• EXERCISE OBJECTIVE: Find the line with "Used Land Rover" in the records below. Output exactly from there until after the line with "Ko Chang Villa", without pictures.

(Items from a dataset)
^^^^^^^^
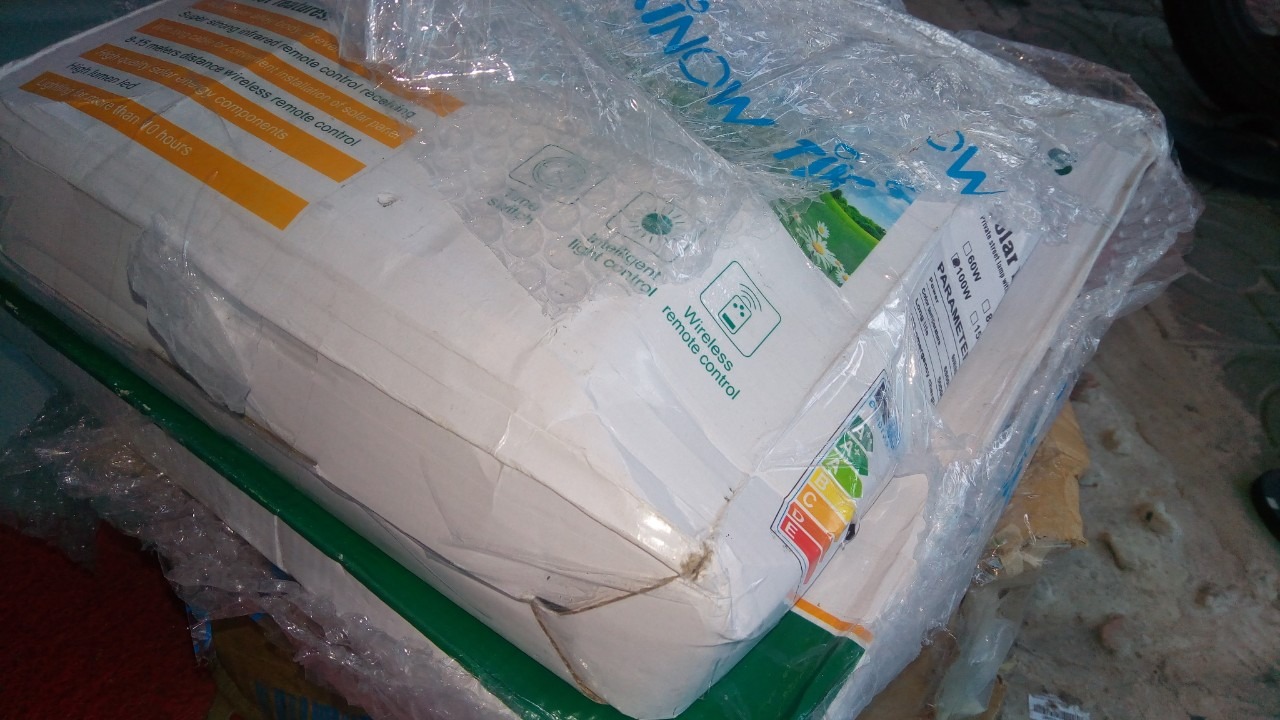 Sản phẩm nhận không giống như hình. Kích thước Solar nhỏ xíu, nhỏ hơn cục gạch 40x40cm. Sản phẩm nghi ngờ hàng giả kém chất lượng. Mặc khác, sản phẩm đóng gói rất tệ, hàng về móp méo hộp xấu xí vô cùng. Đề nghị hoàn tiền.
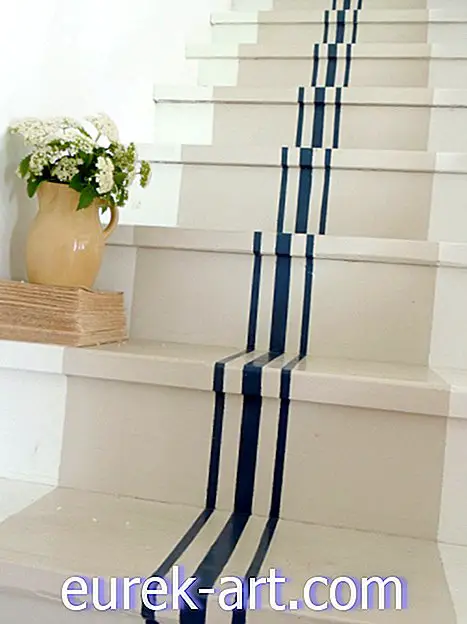 dekorowanie pomysłów - 18 Pretty Painted Stairs, które składają oświadczenie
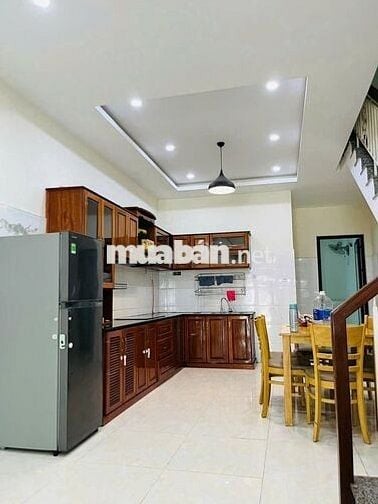 NHÀ NGUYÊN CĂN MẶT TIỀN VŨ TRỌNG PHỤNG – KHU HÓA SƠN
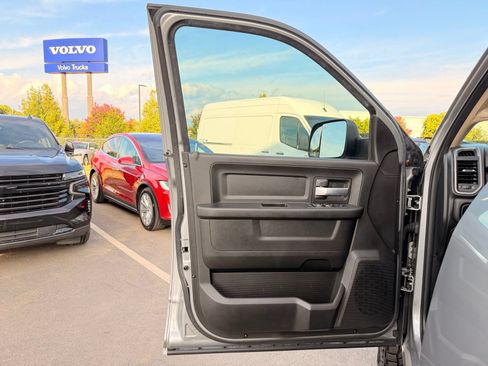 Used 2019 RAM 2500 Tradesman w/ Safety Group AWD/4WD image 24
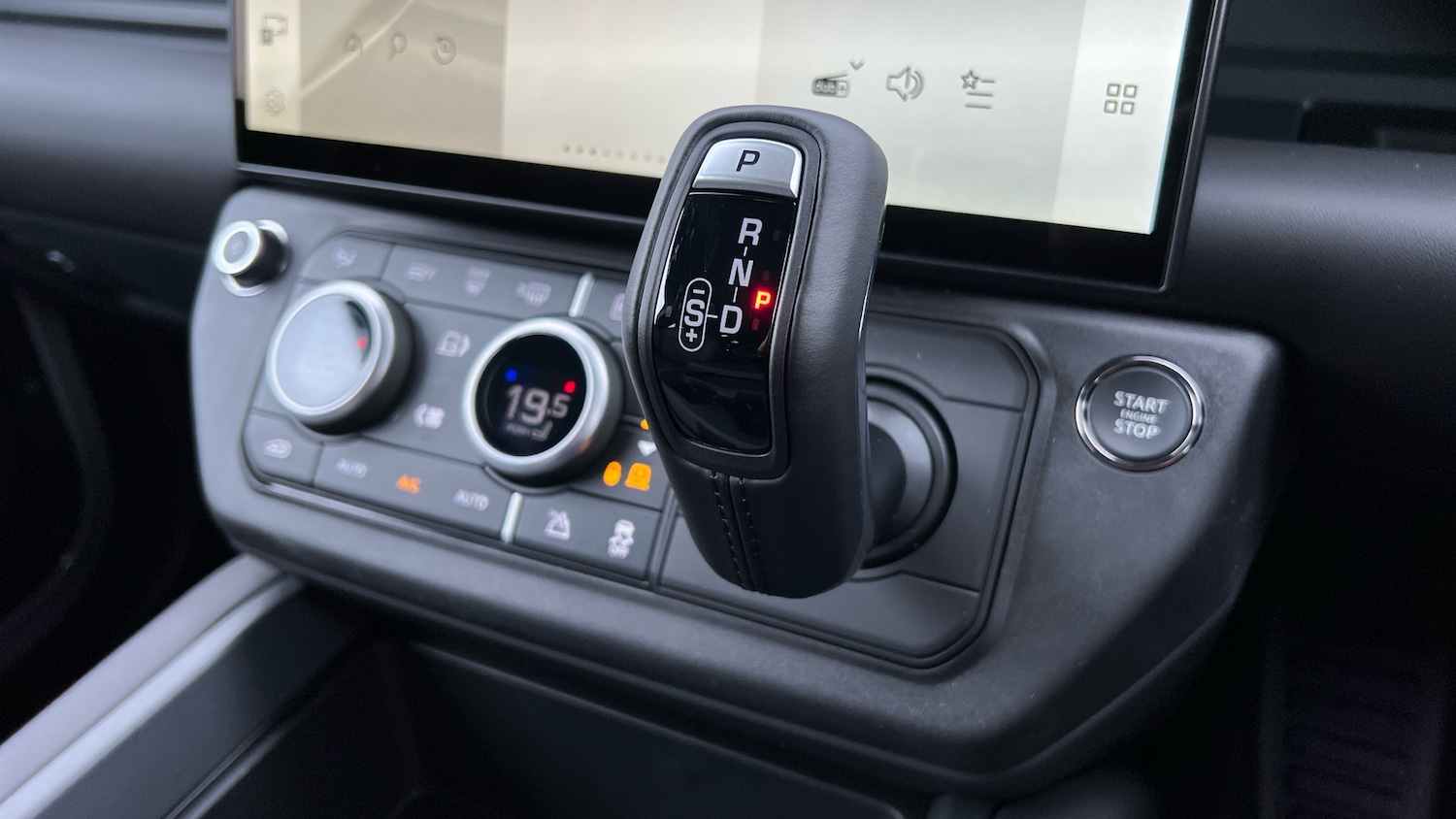 Used Land Rover Defender for sale - 78045730: Photo 13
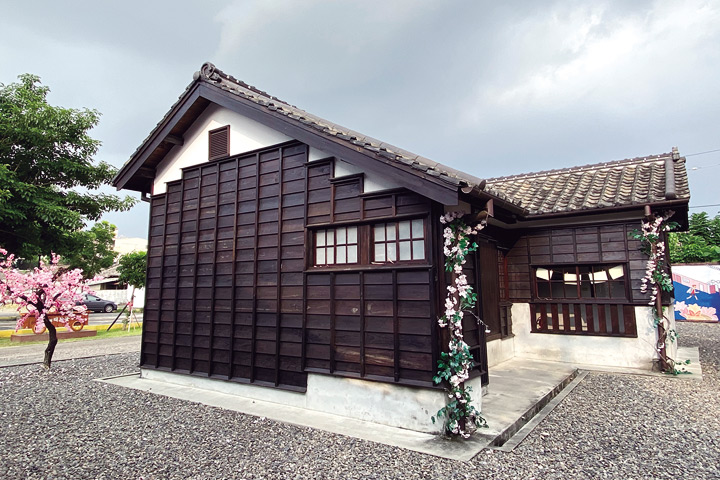 ▲潮州日式歷史建築文化園區，日治時期為官舍，還保留了當時的建築工法。　記者-張偉浩／攝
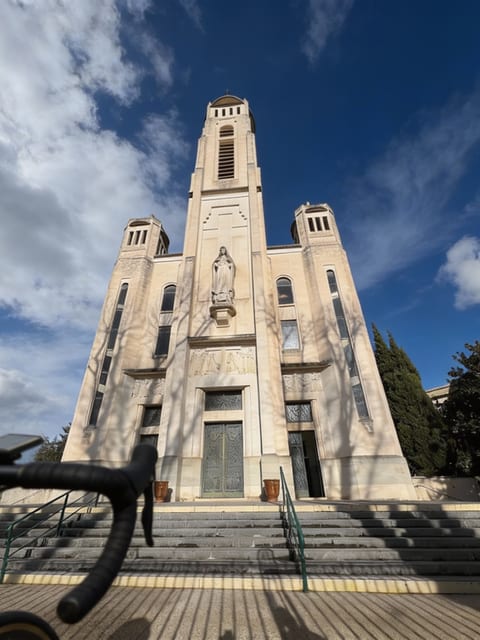 Montpellier: Guided Electric Bike Tour – Unusual & Secret Places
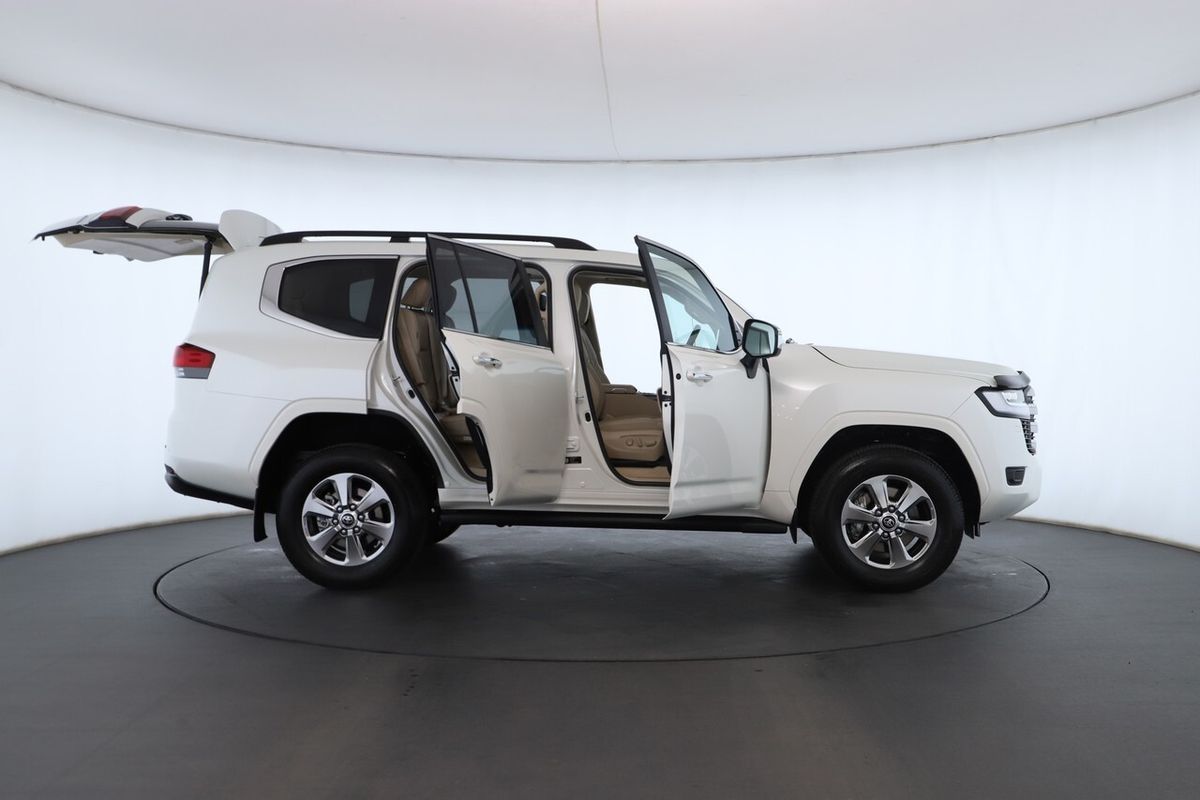 2023 Toyota Landcruiser Sahara FJA300R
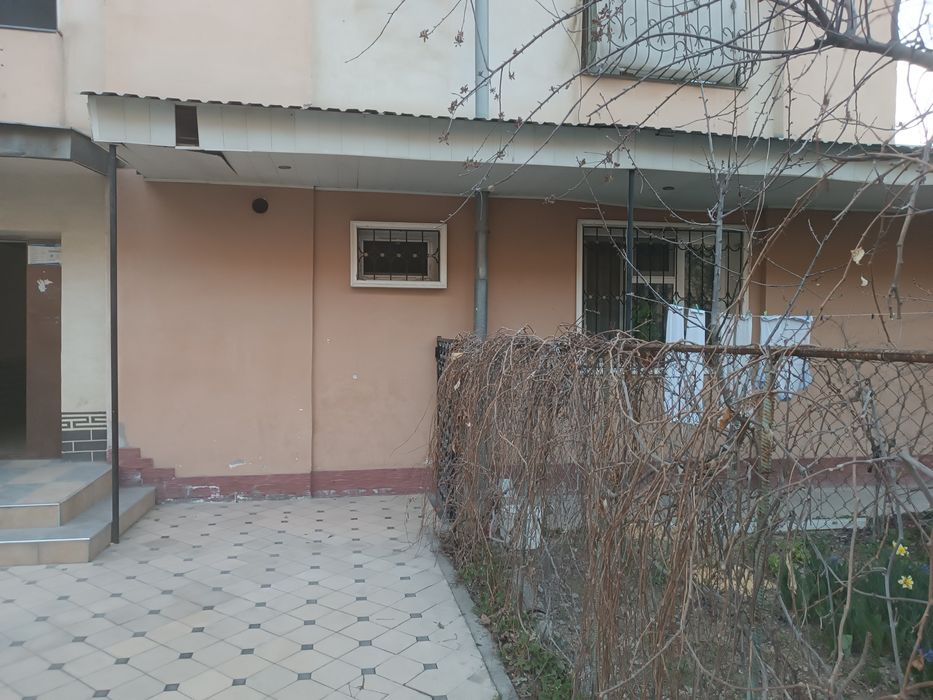 Продается срочно своя банковская квартира с огородом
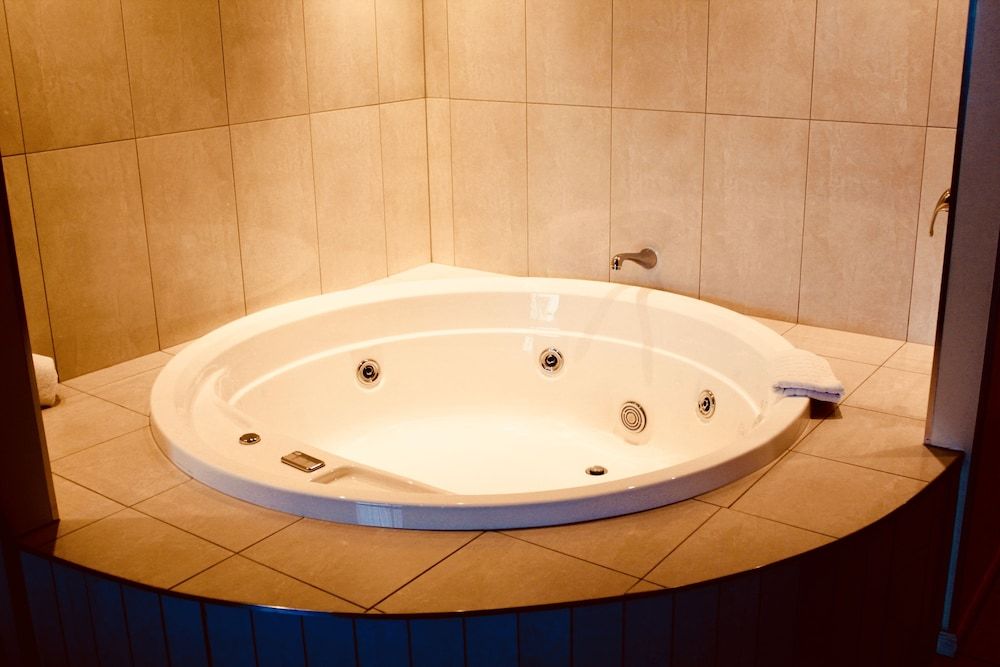 The Nautilus Napier Ocean View Premium Suite with Spa bath 8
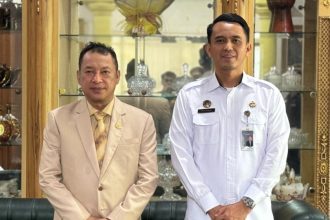 Kepala Kanwil Ditjen Imigrasi Malut, Mohammad Ridwan (kanan) bersama Ketua DPRD Provinsi Maluku Utara, Dr H M Iqbal Ruray.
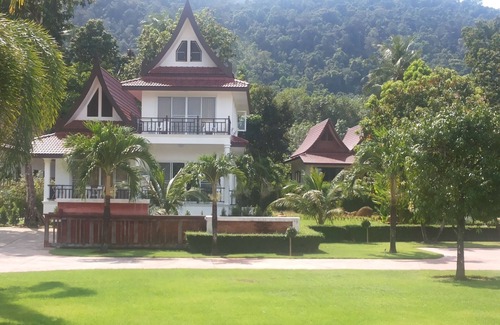 Ko Chang Villa | Lavender Ocean View Villa: 10/10 Rated Family Getaway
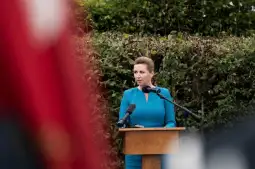 Кабинетот на данската премиерка Мете Фредериксен денеска соопшти дека ѝ бил исчашен вратот во вчерашниот напад од маж во центарот на Копенхаген.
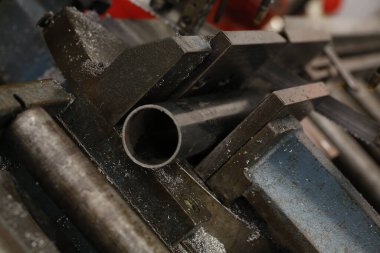 Dairesel testere boruları metal parçalarla kesiyor. Yüksek kalite fotoğraf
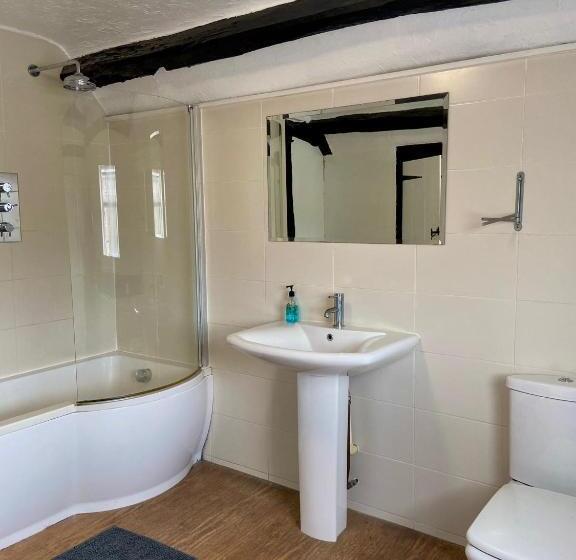 Отель The King S Lodge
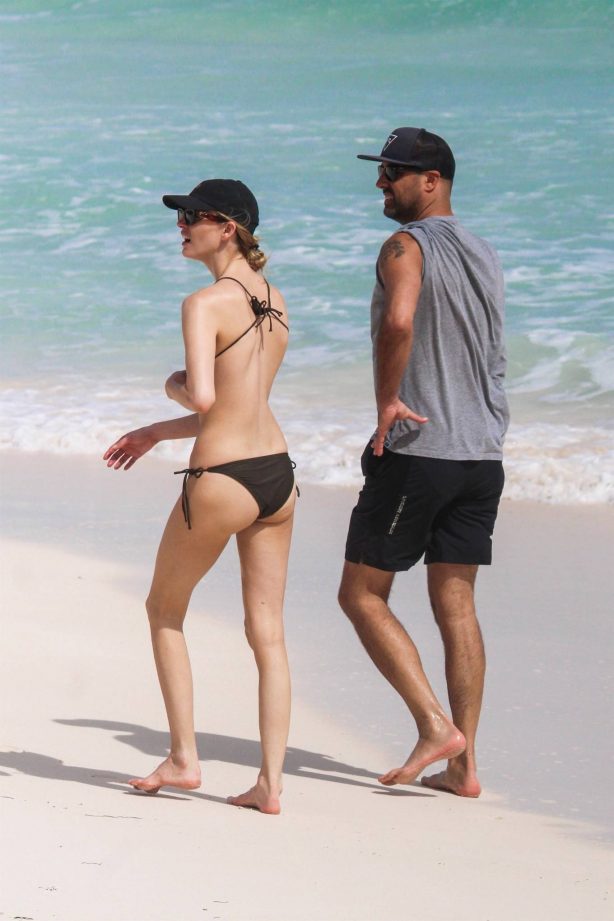 Martha Hunt - In bikini stroll on the beach her fiancé in Tulum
^^^^^^^^
• RESPONSE TO THIS TASK:
 Used Land Rover Defender for sale - 78045730: Photo 13
 ▲潮州日式歷史建築文化園區，日治時期為官舍，還保留了當時的建築工法。　記者-張偉浩／攝
 Montpellier: Guided Electric Bike Tour – Unusual & Secret Places
 2023 Toyota Landcruiser Sahara FJA300R
 Продается срочно своя банковская квартира с огородом
 The Nautilus Napier Ocean View Premium Suite with Spa bath 8
 Kepala Kanwil Ditjen Imigrasi Malut, Mohammad Ridwan (kanan) bersama Ketua DPRD Provinsi Maluku Utara, Dr H M Iqbal Ruray.
 Ko Chang Villa | Lavender Ocean View Villa: 10/10 Rated Family Getaway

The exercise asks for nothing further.